先日、面白い番組を観ました。
アメリカの心理学者のエリザベス・ロフタス博士の記憶に関する講演です。
人はいつも自分の思い込みで外界を見ています。思い込みというほど強いものでなくても、ほとんどが過去に蓄積された記憶と情報、情報によって造られた概念でものを見ているのですが、記憶に関しては、それが自分の身に実際に起きたこと、自分が見たことや聞いたことという前提に立っています。
つまり【実際の体験や見たことに関する記憶=事実】だということになっています。
しかし、それに疑問を投げかけ、その前提を覆したのがロフタス博士の研究でした。記憶というものは、実はその時の誘導の仕方や意図的な暗示、意図しなくてもその時使われた言葉で変化する、ということを突き止めたのです。
これを『虚偽記憶』と言います。これは『嘘』とは明確に異なります。
『嘘』には意図がありますが、『虚偽記憶』は嘘ではなく、実際に体験された事実という姿をしているのです。実際、検証に使われたひとつの例は事故を起こして横倒しになった車についての目撃証言でした。後日、目撃した証人を被験者として二つのグループに分け証言を求めたのですが、その時、
Aグループには「街灯に激突した車・・・」
Bグループには「街灯にぶつかった車・・・」
と表現しました。
するとAグループは
「車は60キロ以上のスピードを出していた。フロントガラスまで割れていた」と証言し、
Bグループは
「車は50キロくらいで街灯にぶつかって横倒しになった」と証言したのです。
現場の写真を見ると、フロントガラスは割れていませんでした。
記憶は造られる、『虚偽記憶』というものが存在することを博士が証明した成果は小さくありません。

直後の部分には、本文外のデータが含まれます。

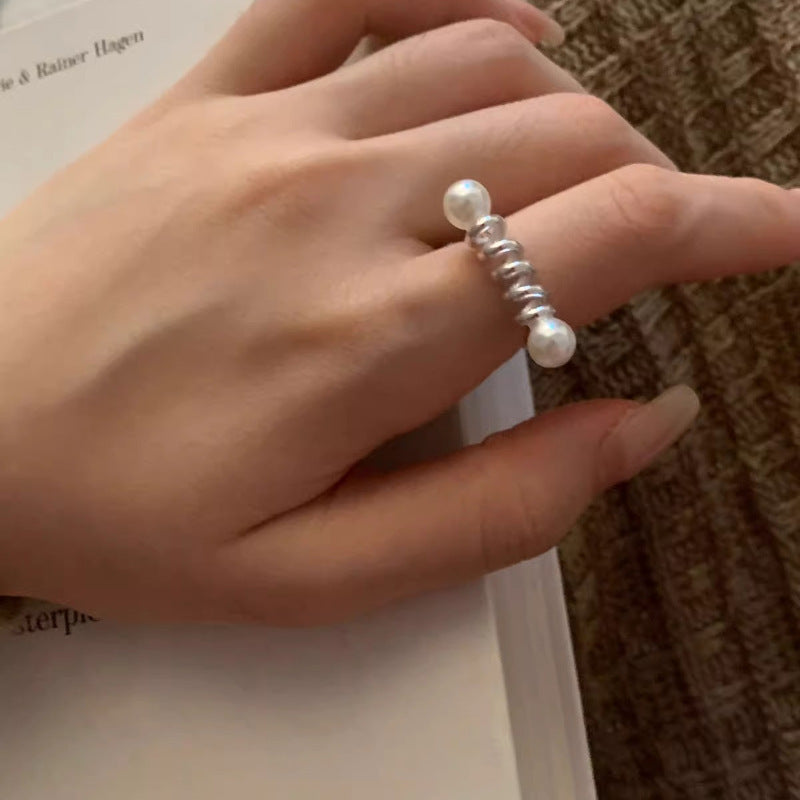 Wholesale 925 silver spring pearl ring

ことに犯罪においては目撃者の証言は犯人の特定に決定的証拠として扱われます。しかし、博士が冤罪で収監された300人について追跡調査をしたところ、目撃者に与えたなんらかの言葉やイメージで、記憶の中の犯人像は別人にすり替わることも証明されました。冤罪の発生です。
人の記憶の不思議。
この研究はこれから先、マインドコントロールからの離脱を助ける際にも役立つかもしれません。しかし、記憶の書き換えが操作できるとなると、さらにまたさまざまな意図で私たちの記憶がコントロールされる可能性も出てきます。
情報が氾濫する現代、信じ込みによって間違った判断をさせられてしまう、間違った方向に誘導されるということは充分にあり得ます。
かつて仮想敵国を想定した公文書が存在しました。今も国際間の緊張を伝えるニュースが飛び込んできます。否定的な情報を与えられるうちに、相手に対して否定的概念を抱くというのは日常的にもあることです。
これは用心しなくてはなりません。ここには『虚偽記憶』が醸成される環境があるからです。「私は確かに見た」ことも疑う必要があるなら、ましてや「聞いた」「テレビで見た」といった情報の信憑性は、まずは徹底した懐疑主義と理性できちんと見直す必要があります。
いずれにしても、私たちはまず無用の恐怖だけは持たないことが肝要だろうと思います。